Philosophers unused to reading the professional writings of psychologists may find some of the prose in this book offputting. There is, for example, an overabundance of acronyms. To be sure, much of the writing is workmanlike. But some of it is, no doubt unintentionally, hilarious: 'unusual events, such as sudden deaths, often violate a desired aspect of the status quo. They are in that sense goal failures' (180). And, regrettably, some of it is of the sort which has provoked (obviously ineffectual) perennial lampooning by persons who admire the English language: 'conditioning results from increments in the strength of the association between event representations resulting from contiguous pairings of the events with the level of the conditioning being related monotonically to associative length' (95). 'Event representations' is, unfortunately, just one of numerous instances of nouns being used as adjectives ('covariation information' (35), 'abnormal conditions focus model' (39), etc.) Indeed, there are even instances of the resurrecting of obsolete nouns just to be misused in compound grotesqueries: 'enablement conditions' (179).
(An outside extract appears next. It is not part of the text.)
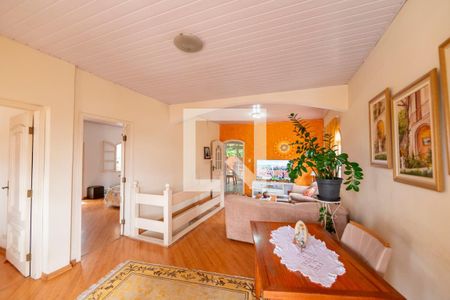 Casa à venda com 455m², 5 quartos e 2 vagas Casa à venda com 455m², 5 quartos e 2 vagasSala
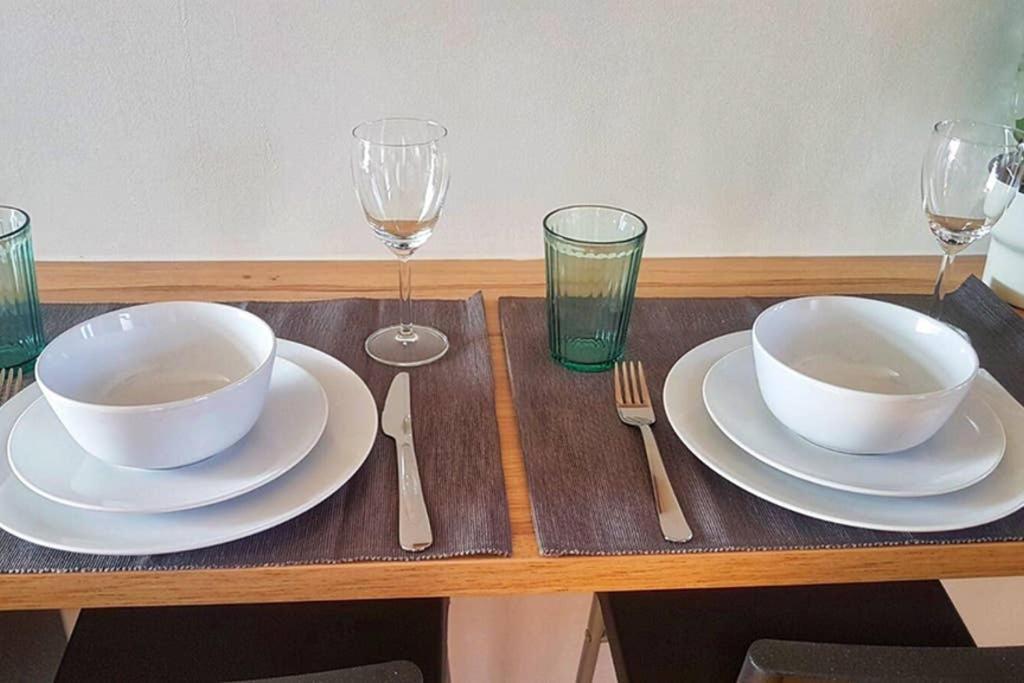 Modern Studio Apartment Near Town Centre プール エクステリア 写真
Farewell, gerunds!


Overall, the conclusions drawn in this book are too few, too controversial, and too underdetermined to provide any secure grounds on which to base plausible theories of causality. If anything, this particular collection of papers warrants the verdict that psychological theories of causality are currently in disarray. Nonetheless, even if you, quite reasonably, decline to purchase this book for your own use, you might well want to borrow a library copy to catch the flavor and direction of contemporary empirical research in this field.